Governments including China, Russia and Taiwan began planning to put anyone with symptoms of the deadly virus under quarantine. Other governments were increasing their screening of pigs and pork imports from the Americas or banning them outright.
Many nations issued travel warnings for Mexico.
Australia said airlines would have to identify passengers who may be infected, who would then be assessed by quarantine officers and sent for medical treatment if necessary.
“Before flights will be able to land here in Australia, pilots will have to ascertain whether anyone on board has flu-like symptoms,” Health Minister Nicola Roxon said.
Tests were also under way on people with flu-like symptoms in Israel, France and Spain.

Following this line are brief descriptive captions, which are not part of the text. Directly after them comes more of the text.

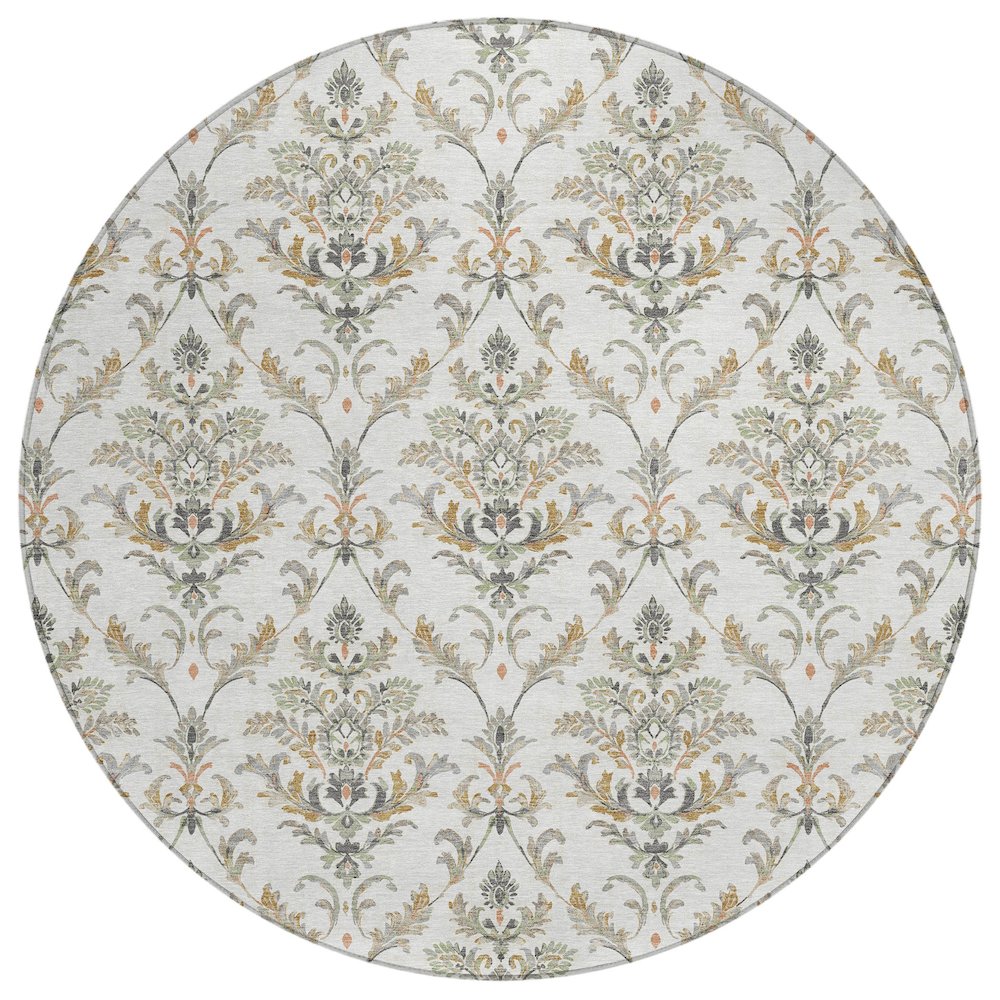 Machine Washable Indoor/Outdoor Chantille ACN2325 Ivory 8' x 8' Round Rug. Picture 1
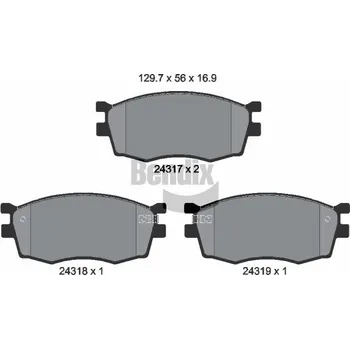 Brzdová destička Sada brzdových destiček, kotoučová brzda BENDIX Braking BPD2127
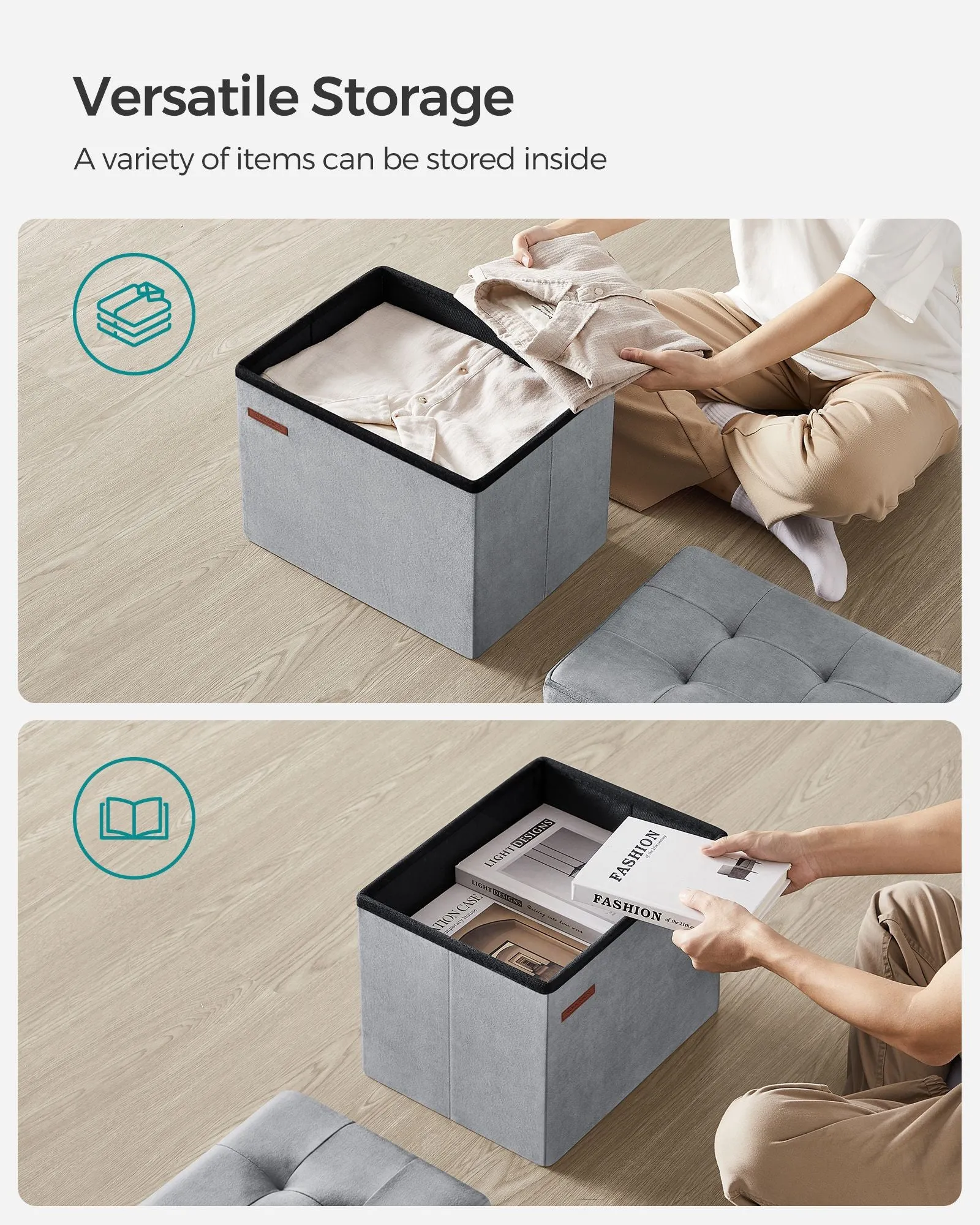 12.2" x 16.1" x 12.2" Foldable Storage Ottoman Bench Dove Gray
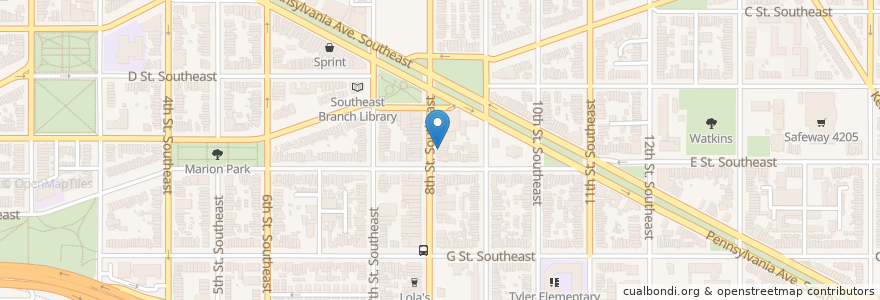Mapa de ubicacion de Cafe 8 en 미국, 워싱턴 D.C., 워싱턴.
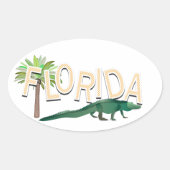 Sticker Ovale Palmier Et Alligator De Floride (Devant)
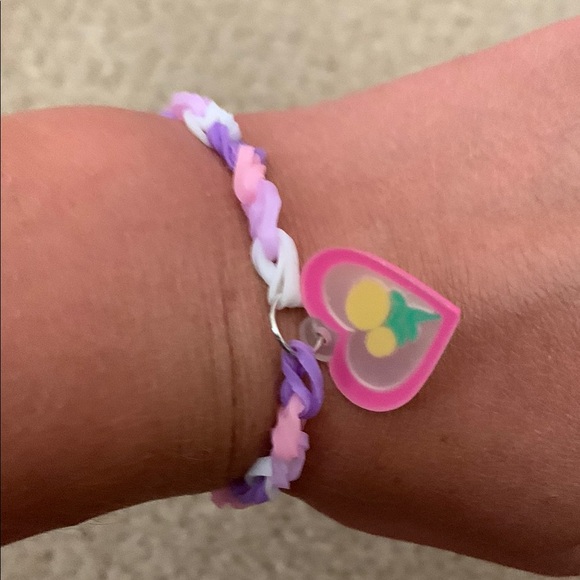 Colorful girls Bracelet with Heart Charm - Picture 1 of 1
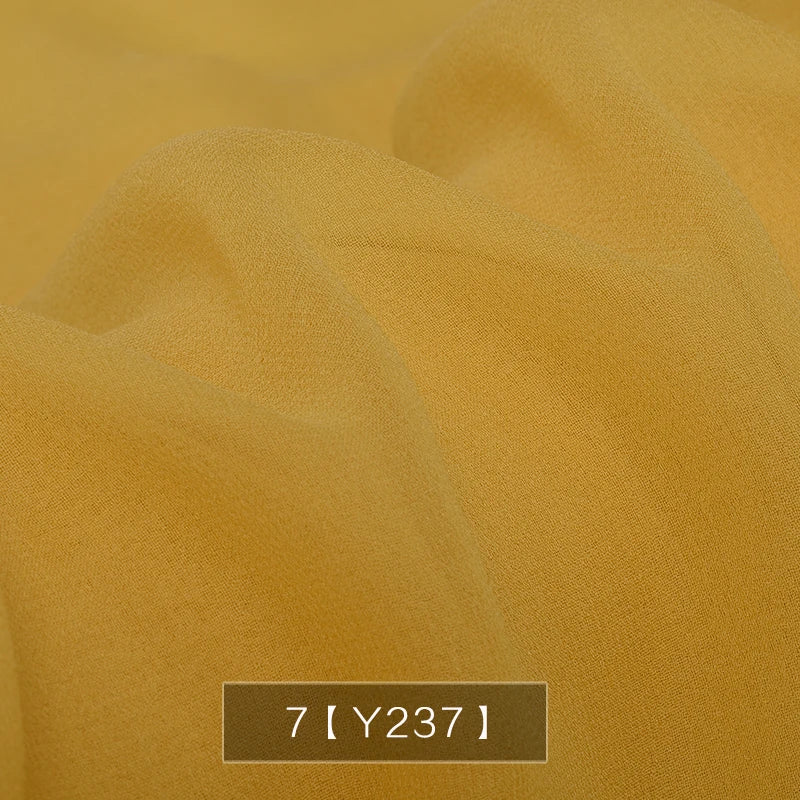 Yellow Orange Gold Dye Pure 100% Chiffon Silk Georgette Fabric Silk Chartreuse Plain Silk Women Dress Material Thin Good Drapes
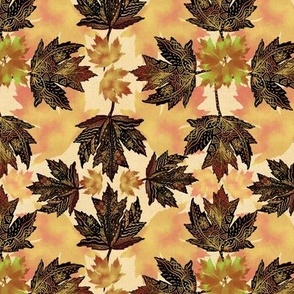 Hand drawn doodled maple leaves on linen Fall auutmn hues in cream small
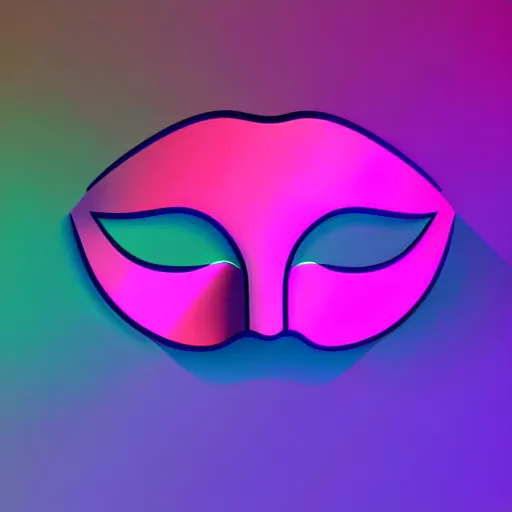 Image similar to party mask, silky texture, gradient, vector illustration, logo, aesthetic, 4 k, hd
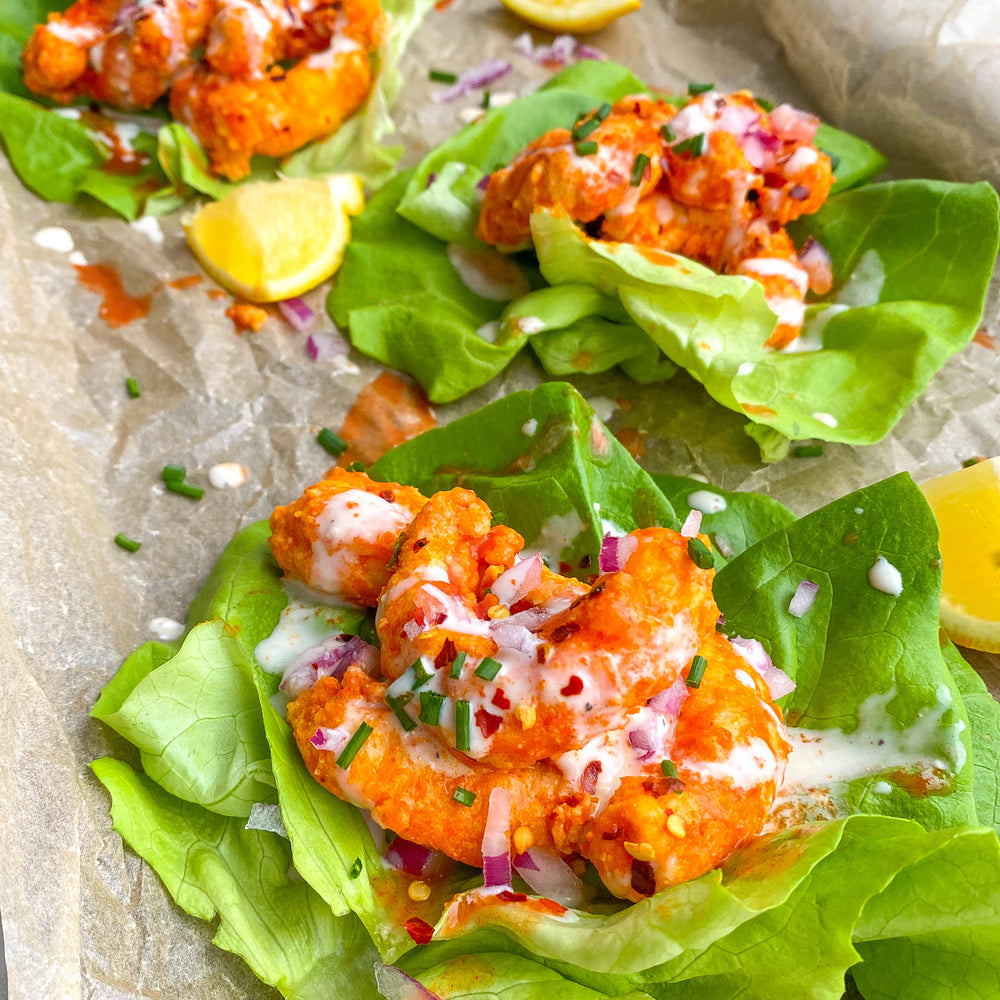 Mind Blown Dusted Buffalo Shrimp Lettuce Wraps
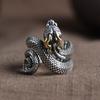 Vintage Style Python Ring Niche Personality Men's Open Ring Adjustable Old Alloy Ring
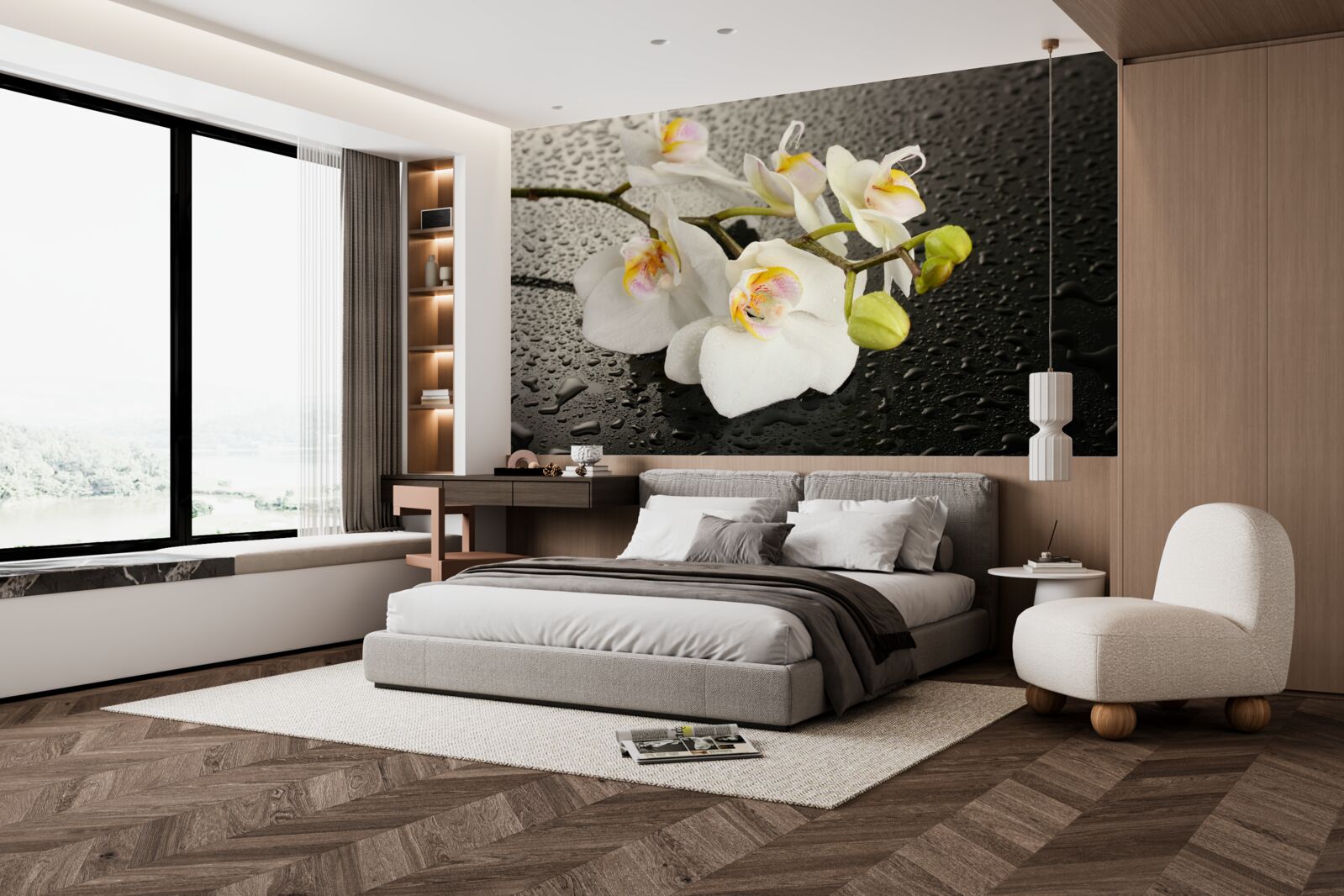 Fototapet Orhidee albă ca zăpada după o ploaie puternică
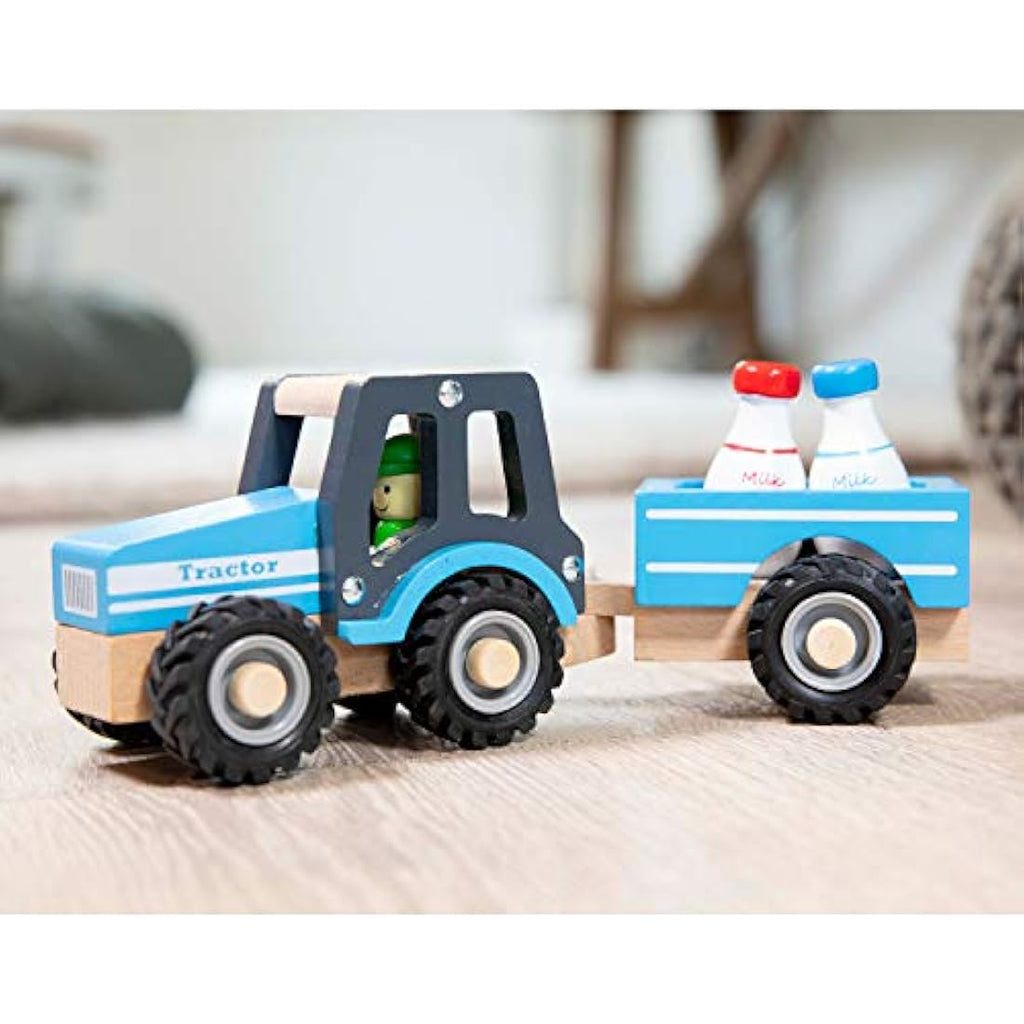 New Classic Toys Wooden Tractor with Trailer & Milk Bottles - Blue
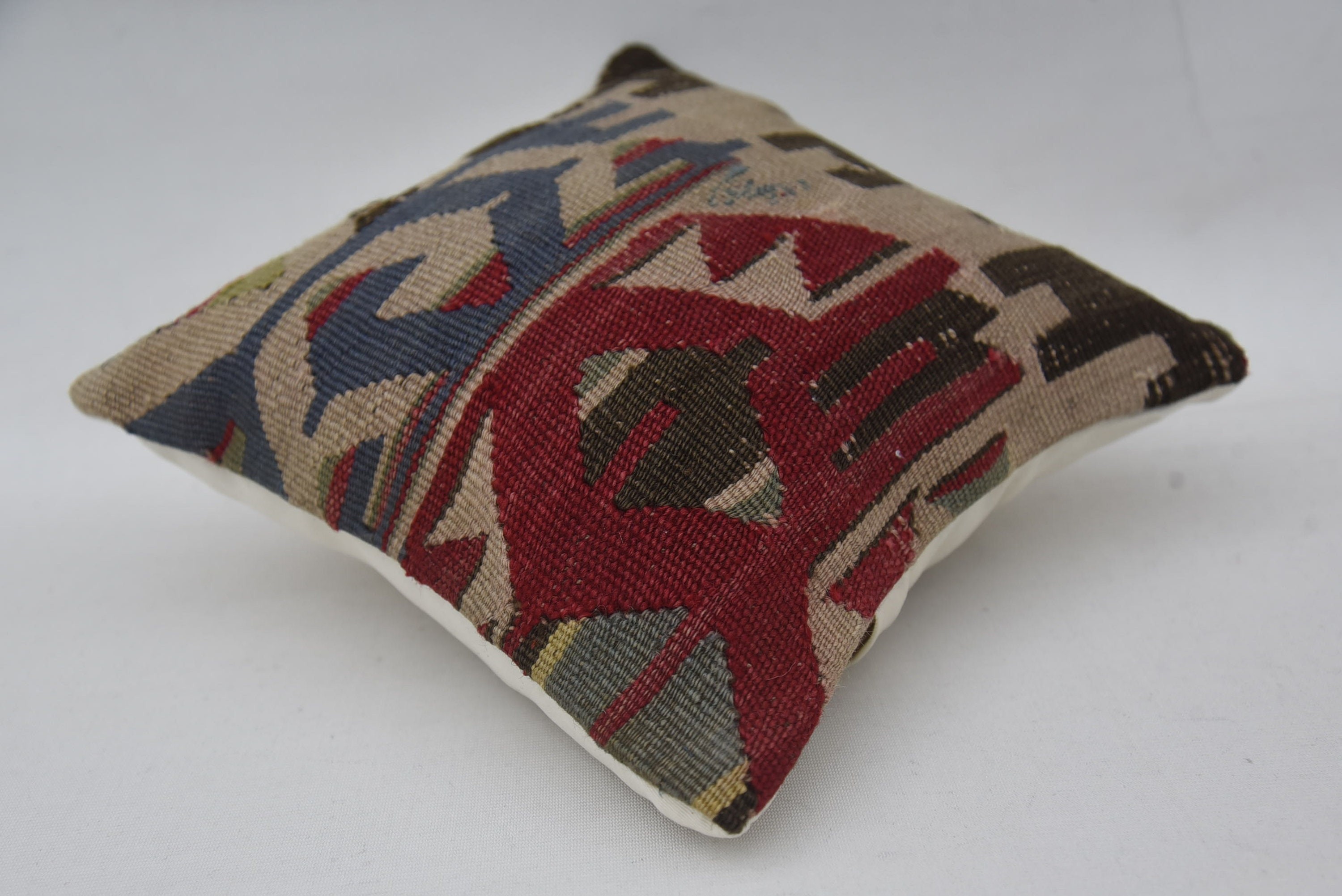 Turkish Kilim Pillow, 12"x12" Beige Pillow Cover, Pet Pillow Case, Vintage Kilim Pillow, Home Decor Pillow, Sofa Cushion Cover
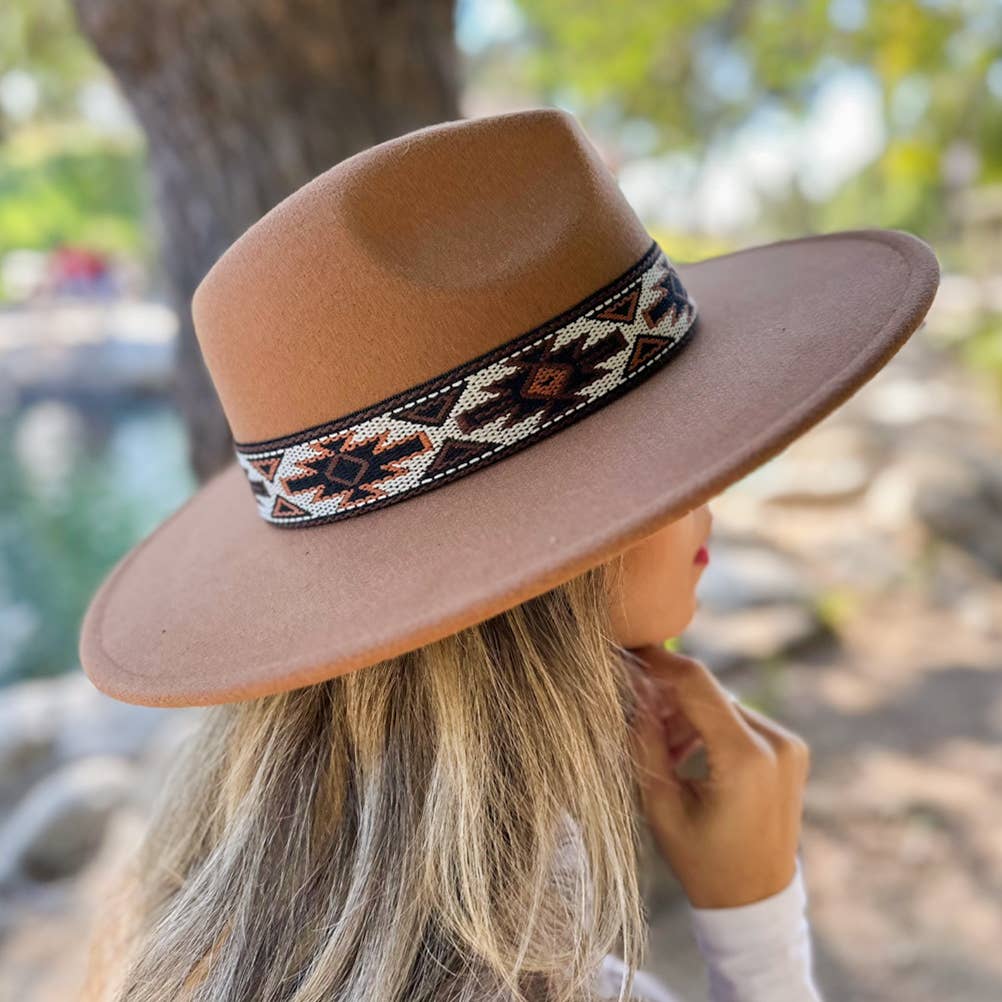 Camel Boho Fedora Hat – Western Aztec Styling Accessory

In the United States, at least 11 cases of swine flu have been confirmed. Canada’s chief public health officer Dr. David Butler-Jones said six cases had been confirmed there, and all had links to people who had traveled to Mexico.
In Singapore, the health ministry said it began using thermal scanners Sunday at Changi International Airport to check passengers arriving from the United States. Travelers with high temperatures would be given a thorough medical examination, it said.
Thermal scanners and upgraded checks for flu-like symptoms were also being put in place at main airports in Japan, Thailand and Indonesia.
Hong Kong and Taiwan said visitors returning from flu-affected areas with fevers would be quarantined.
China said anyone experiencing flu-like symptoms within two weeks of arrival had to report to authorities.
A Russian health agency said passengers from North America running a fever would be quarantined until the cause is determined.
Many measures recalled those taken across Asia during the 2003 severe acute respiratory syndrome, or SARS, epidemic and used more recently to monitor bird flu.
Compared to the rest of the world, the United States seems to be slow to react to the outbreak.